There were dozens of electrodes fastened to the body of each student, to toes and fingers, thighs and forearms—where there were any left—pelvis, neck, forehead, just about everywhere. The wires from these terminals were plugged into rows of sockets alongside each cot and seemed to be connected up with banks of tonus indicators on the wall behind, one series of dials for each cot.
The instructor, a young quadro-amp, turned his head when the visitors entered, cautioned them with a finger against his lips to remain silent, then went on with his class.
“All right, men,” he said. “We’ll take it again. Just concentrate on the diaphragm. Stop feeling that you are breathed in and out of by some wind machine you don’t control. You breathe. You make the diaphragm stretch and slacken, you force the lungs open and shut. No ‘It’ breathes through you, you breathe. Stop being tyrannized by your diaphragm! You can bend it to your will! Through it you can slow up your pulse rate, throttle the thyroid and the pituitary and the adrenals, stun the parasympathetic nervous system, anything. You are master of your own metabolism! Your body is your instrument! Learn to control it and you can walk on hot coals, stick pins through your tongue. You’ve seen it demonstrated over and over again in hypnosis—a psyche, the hypnotist’s psyche, uses a human body as a toy, paralyzes it, raises boils on the skin, removes warts. The next good Immob step is to make yourself your own hypnotist, put your own psyche in your body’s saddle. Concentrate on that. Remember, you’re in charge. Think now of your diaphragm, that helpless, will-less, impotent strip of membrane. Now you’re going to put it through its paces. Ready now. Everybody ready. One. Two. Three. Breathe! In . . . out. In . . . out. Diaphragm up . . . diaphragm down. Lungs open . . . lungs shut. Do it yourself . . . do it yourself. Body slow down . . . body
slow down. Heart slow down . . . glands slow down. In . . . out. Muscles loose . . . nerves loose. Iiiiiiinnnnn . . . ooooouuuuut. Steady, now. One . . . two . . . one . . . two. . . .”

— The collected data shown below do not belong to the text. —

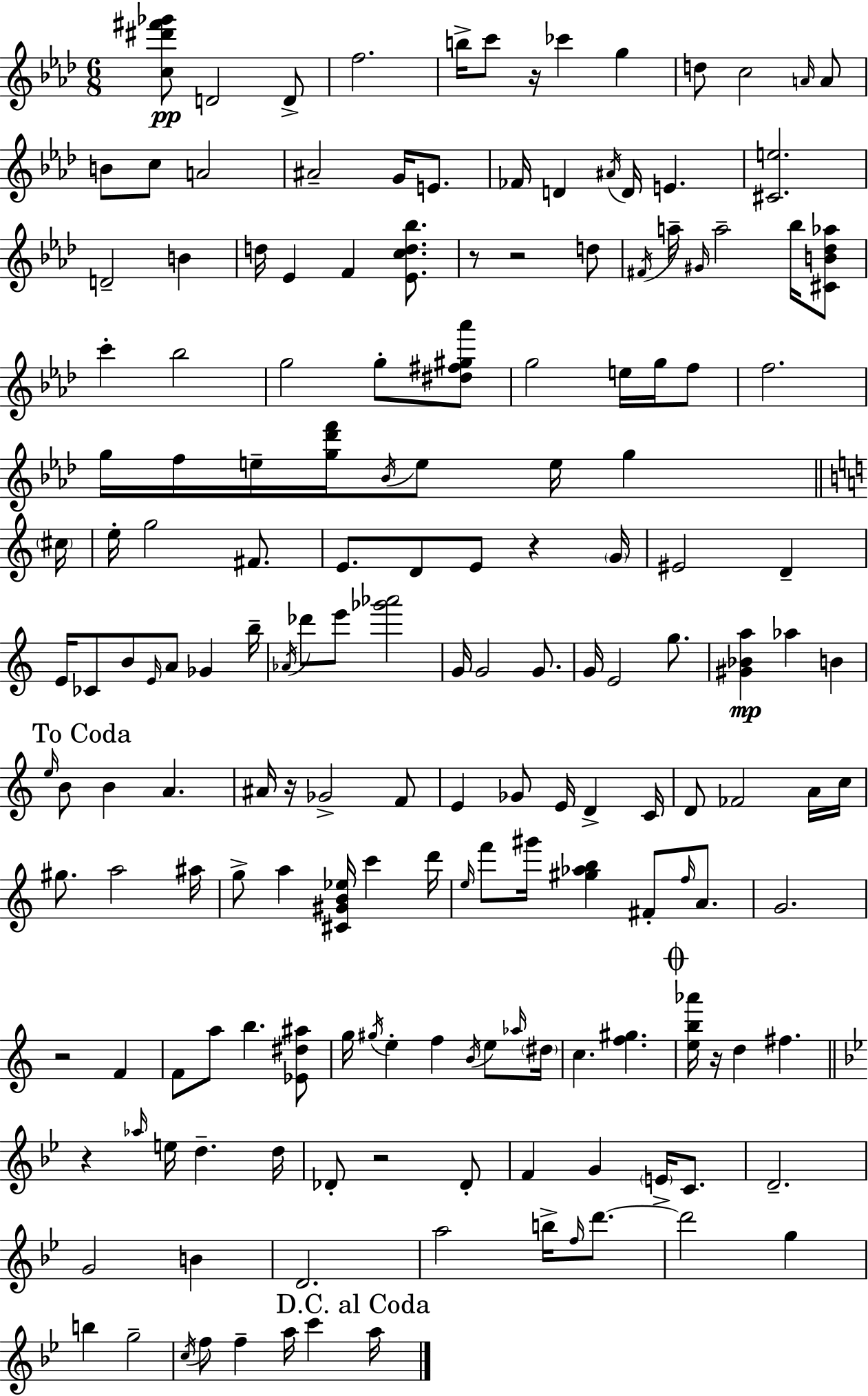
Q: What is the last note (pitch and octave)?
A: A5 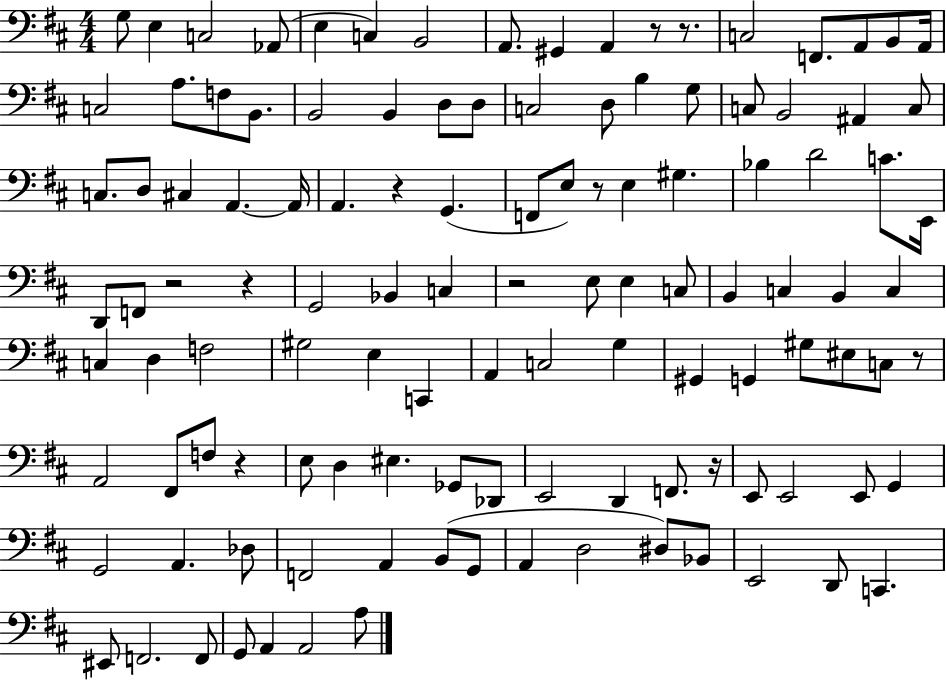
{
  \clef bass
  \numericTimeSignature
  \time 4/4
  \key d \major
  g8 e4 c2 aes,8( | e4 c4) b,2 | a,8. gis,4 a,4 r8 r8. | c2 f,8. a,8 b,8 a,16 | \break c2 a8. f8 b,8. | b,2 b,4 d8 d8 | c2 d8 b4 g8 | c8 b,2 ais,4 c8 | \break c8. d8 cis4 a,4.~~ a,16 | a,4. r4 g,4.( | f,8 e8) r8 e4 gis4. | bes4 d'2 c'8. e,16 | \break d,8 f,8 r2 r4 | g,2 bes,4 c4 | r2 e8 e4 c8 | b,4 c4 b,4 c4 | \break c4 d4 f2 | gis2 e4 c,4 | a,4 c2 g4 | gis,4 g,4 gis8 eis8 c8 r8 | \break a,2 fis,8 f8 r4 | e8 d4 eis4. ges,8 des,8 | e,2 d,4 f,8. r16 | e,8 e,2 e,8 g,4 | \break g,2 a,4. des8 | f,2 a,4 b,8( g,8 | a,4 d2 dis8) bes,8 | e,2 d,8 c,4. | \break eis,8 f,2. f,8 | g,8 a,4 a,2 a8 | \bar "|."
} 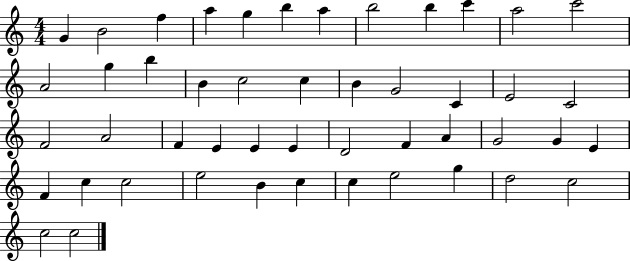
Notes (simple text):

G4/q B4/h F5/q A5/q G5/q B5/q A5/q B5/h B5/q C6/q A5/h C6/h A4/h G5/q B5/q B4/q C5/h C5/q B4/q G4/h C4/q E4/h C4/h F4/h A4/h F4/q E4/q E4/q E4/q D4/h F4/q A4/q G4/h G4/q E4/q F4/q C5/q C5/h E5/h B4/q C5/q C5/q E5/h G5/q D5/h C5/h C5/h C5/h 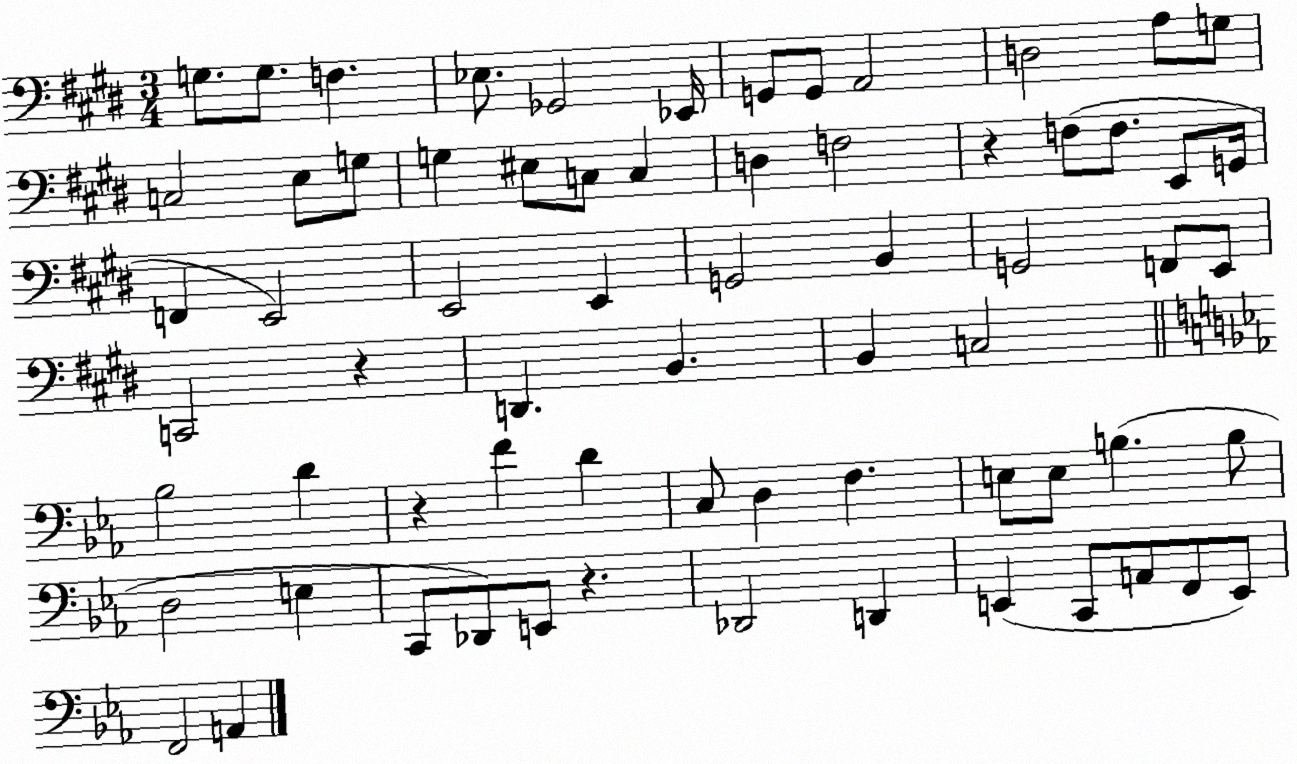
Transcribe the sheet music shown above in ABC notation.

X:1
T:Untitled
M:3/4
L:1/4
K:E
G,/2 G,/2 F, _E,/2 _G,,2 _E,,/4 G,,/2 G,,/2 A,,2 D,2 A,/2 G,/2 C,2 E,/2 G,/2 G, ^E,/2 C,/2 C, D, F,2 z F,/2 F,/2 E,,/2 G,,/4 F,, E,,2 E,,2 E,, G,,2 B,, G,,2 F,,/2 E,,/2 C,,2 z D,, B,, B,, C,2 _B,2 D z F D C,/2 D, F, E,/2 E,/2 B, B,/2 D,2 E, C,,/2 _D,,/2 E,,/2 z _D,,2 D,, E,, C,,/2 A,,/2 F,,/2 E,,/2 F,,2 A,, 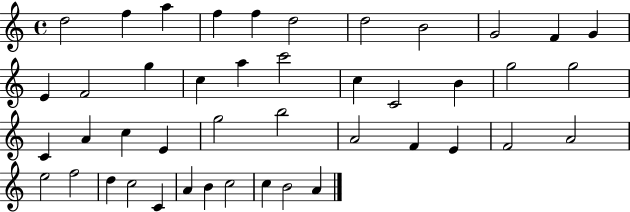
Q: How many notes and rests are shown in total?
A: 44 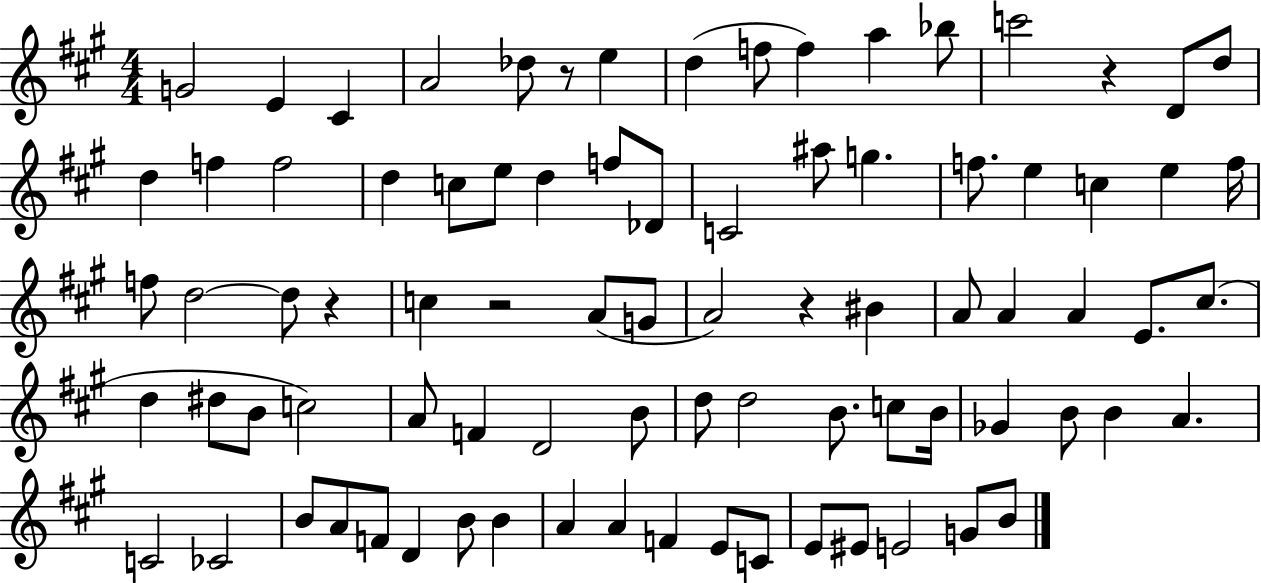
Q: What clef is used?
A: treble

All the students had their eyes closed. With each insucking of air twenty chests rose, twenty abdomens were pulled in until they were tight cups of flesh—with one boy down near the end, the abdominal walls fell away until it seemed they must be pressing the intestine flat and making contact with the base of the spine. Martine watched the dials on the tonus indicators. All of them had begun to drop when the breathing exercise got under way, in some cases almost to zero, in others just a few degrees.
The instructor walked up and down the aisle. He watched the indicators and in a soft, rhythmic singsong gave pointers to each student individually. “Croly,” he said, “your embouchure’s tied up in knots. Concentrate on the lips, the cheeks, the lips, the cheeks. . . . Anderson, your toes are all bunched up, watch the tonus in those toes, watch the tonus in those toes. . . . Schmidt, you’ve still got a lot of hypertension in the pelvis, the pelvis is retracted, the pelvis is retracted. . . . Dunlap, for God’s sake, relax those sphincters, take it easy, man, relax those sphincters or we’ll have to send you back for more narco-suggestion. . . .”
“There’s something I don’t get,” Martine whispered to Jerry. “Why do they all remove their pros?”
“Simple,” Jerry whispered back. “What’re the animal emotions? Fear and rage. What’s the bodily state that induces ’em? The possession of arms and legs. Because, see, so long as you’ve got arms they’ll want to be used as weapons against others—and because everybody else’s arms want to be used against you, your legs will want to run.”
“But wouldn’t that go double for pros? They’re much more powerful than real limbs.”